WORK TASK: Give again, unchanged, the line that contains "Bel appartement moderne" together with every line that follows it until the entries end.

AVAILABLE DATA:
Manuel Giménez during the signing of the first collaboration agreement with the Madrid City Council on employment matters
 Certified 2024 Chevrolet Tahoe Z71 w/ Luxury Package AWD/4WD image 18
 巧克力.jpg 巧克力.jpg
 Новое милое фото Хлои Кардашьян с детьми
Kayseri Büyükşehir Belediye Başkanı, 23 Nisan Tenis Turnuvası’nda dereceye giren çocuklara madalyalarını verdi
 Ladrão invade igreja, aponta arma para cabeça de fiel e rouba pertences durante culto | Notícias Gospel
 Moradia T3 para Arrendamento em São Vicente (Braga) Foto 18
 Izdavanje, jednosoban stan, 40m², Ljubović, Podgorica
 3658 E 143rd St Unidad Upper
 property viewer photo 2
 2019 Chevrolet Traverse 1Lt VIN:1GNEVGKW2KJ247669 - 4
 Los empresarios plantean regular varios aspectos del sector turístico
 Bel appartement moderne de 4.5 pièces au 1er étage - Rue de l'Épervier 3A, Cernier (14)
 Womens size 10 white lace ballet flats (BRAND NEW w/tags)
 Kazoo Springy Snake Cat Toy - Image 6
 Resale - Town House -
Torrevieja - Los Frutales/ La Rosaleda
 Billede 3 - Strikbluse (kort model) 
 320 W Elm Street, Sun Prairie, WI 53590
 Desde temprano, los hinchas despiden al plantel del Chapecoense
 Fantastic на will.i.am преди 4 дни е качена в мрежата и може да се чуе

WRITTEN RESPONSE:
 Bel appartement moderne de 4.5 pièces au 1er étage - Rue de l'Épervier 3A, Cernier (14)
 Womens size 10 white lace ballet flats (BRAND NEW w/tags)
 Kazoo Springy Snake Cat Toy - Image 6
 Resale - Town House -
Torrevieja - Los Frutales/ La Rosaleda
 Billede 3 - Strikbluse (kort model) 
 320 W Elm Street, Sun Prairie, WI 53590
 Desde temprano, los hinchas despiden al plantel del Chapecoense
 Fantastic на will.i.am преди 4 дни е качена в мрежата и може да се чуе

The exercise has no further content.